DCM is a genetic disease involving post-inflammatory or genetic causes. The genetic characteristics of DCM can be accurately diagnosed in advance, and preventive measures can be taken in time to avoid the further occurrence and development of the disease4. Elizabeth et al. re-evaluated a number of genes that are important in the progression of DCM, which has implications for the diagnosis and treatment of DCM5. And it has become feasible to use the second-generation sequencing to study the genetics of DCM, which deeply understand the molecular biological mechanism of DCM and find the biological targets for the diagnosis and treatment of DCM.

In this study, we conducted an in-depth analysis of DCM samples and normal samples in the GSE141910 data set through a variety of statistical methods, obtained differentially expressed genes that were significantly correlated with DCM, and studied the underlying mechanism of these genes' impression of DCM. Furthermore, we obtained the biomarkers of DCM and analyzed its diagnostic predictive value. Based on this, we constructed a genetic diagnosis model of DCM, and through multiple methods of testing, the results showed that it has excellent predictive sensitivity. This research can help clinicians diagnose DCM early and has far-reaching significance for the prevention and treatment of DCM.

Materials and methods

Statement

All methods were carried out in accordance with relevant guidelines and regulations.

Data collection and processing

We obtained the dataset GSE141910 from the Gene Expression Omnibus (GEO) database (http://www.ncbi.nlm.nih.gov/geo/), this dataset contained 166 samples are surgical myectomy tissues from patients with dilated cardiomyopathy (DCM), and 166 samples are patients without heart failure (NF) as control cardiac tissues.
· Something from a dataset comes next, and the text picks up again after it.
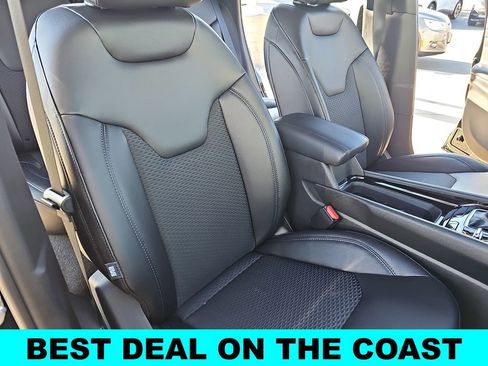 New 2026 Jeep Compass Latitude image 10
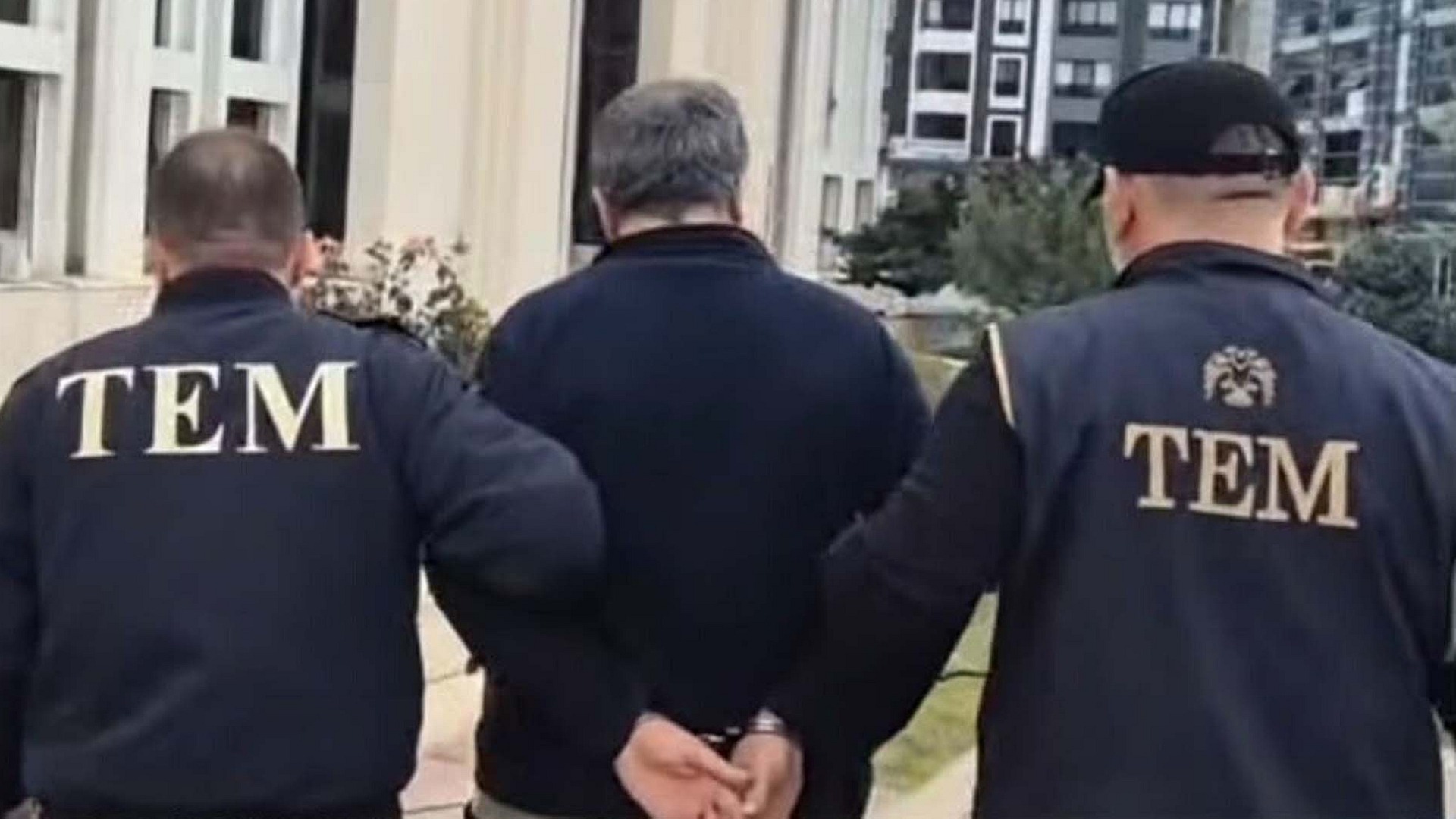 Edremit'te öğretmen F.Ç. Atatürk'e hakaretten tutuklandı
Subsequently, we implemented the eBayes method of the "limma" package with R 3.6.1 software6. Simultaneously, we set |log2 fold change (FC)|  > 1.5 and false discovery rate (FDR) < 0.05 as the filter condition to identify Differentially expressed genes (DEGs) between the DCM and NF samples.

Weighted gene co-expression network analysis (WGCNA)

We used the “WGCNA” package to performed a network construction7. WGCNA is an analysis method that analyzes gene expression patterns in multiple samples. It can cluster genes with similar expression patterns and analyze the association between modules and specific traits or phenotypes. WGCNA started at the level of DEGs, dividing them into several modules based on their patterns of connection with other genes, thus identifying the module most relevant to DCM. An unsupervised co-expression relationship was initially built on the basis of the adjacency matrix of connection strengths by using Pearson’s correlation coefficients for gene pairs. After selecting the appropriate power value, the adjacency matrix of the gene expression data of GC patients is clustered using topological overlap matrix analysis. Finally, the dynamic tree cut algorithm was applied to the dendrogram for module identification with the mini-size of module gene numbers set as 50 and a cut height of 0.85. We select the genes in the modules with the highest correlation with DCM for further analysis.

Gene function enrichment analysis

In order to study the functions of genes in the key module, we use the “ClusterProfiler” package to perform gene ontology (GO) and Kyoto encyclopedia of genes and genomes (KEGG) enrichment analysis on these genes8. We used Database for Annotation, Visualization and Integrated discovery GO function is carefully evaluated from three aspects: biological process (BP), molecular function (MF) and cellular component (CC). KEGG is helpful for studying an integrated network of gene and expression information, systematically analyzing the metabolic pathways of gene products in cells and a database of the functions of these gene products. The enrichment results with P-value and FDR value below 0.05 are considered meaningful. The visual GO and KEGG enrichment results were performed by “GOplot” R packages9.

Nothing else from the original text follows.